# Recap

Let's start by randomly initializing the weights and the biases in the network. We have 6 weights and 3 biases, one for each node in the hidden layer as well as for each node in the output layer.

In [1]:
import numpy as np

weights = np.around(np.random.uniform(size = 6), decimals = 2)
bias    = np.around(np.random.uniform(size = 3), decimals = 2)

In [2]:
print('Weights:', weights)
print('Bias:', bias)

Weights: [0.44 0.07 0.91 0.75 0.04 0.2 ]
Bias: [0.61 0.4  0.51]


Now that we have the weights and the biases defined for the network, let's compute the output for a given input, $x_1$ and $x_2$.

In [3]:
x_1 = 0.5
x_2 = 0.85
print('x1 is {}, x2 is {}'.format(x_1, x_2))

x1 is 0.5, x2 is 0.85


Let's start by computing the wighted sum of the inputs, $z_{1, 1}$, at the first node of the hidden layer.

In [4]:
z_11 = x_1 * weights[0] + x_2 * weights[1] + bias[0]
print('The weights sum of the inputs at the first node in the hidden layer is', z_11)

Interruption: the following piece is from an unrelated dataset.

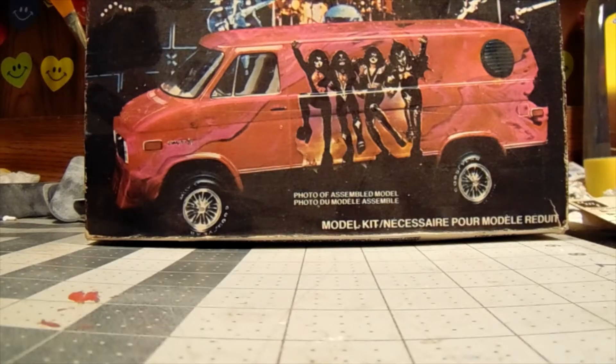Here is my holy grail kit. Kind of surprised my wife let me buy it — I've been looking for one of these for a long time. Finally found one that is complete. This kit has never been re-released since 1978 when it came out.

The weights sum of the inputs at the first node in the hidden layer is 0.8895


Next, let's compute the weighted sum of the inputs, $z_{1, 2}$, at the second node of the hidden layer. Assign the value to z_12.

In [5]:
z_12 = x_1 * weights[2] + x_2 * weights[3] + bias[1]
print('The weights sum of the inputs at the second node in the hidden layer is', z_12)

The weights sum of the inputs at the second node in the hidden layer is 1.4925000000000002


Next, assuming a sigmoid activation function, let's compute the activation of the first node, $a_{1,1}$ in the hidden layers

Now, we build a sigmoid activation function

In [6]:
def sigmoid(x):
    return 1.0 / (1.0 + np.exp(-x))

In [7]:
a_11 = sigmoid(z_11)
print('The activation of the first node in the hidden layer is', a_11)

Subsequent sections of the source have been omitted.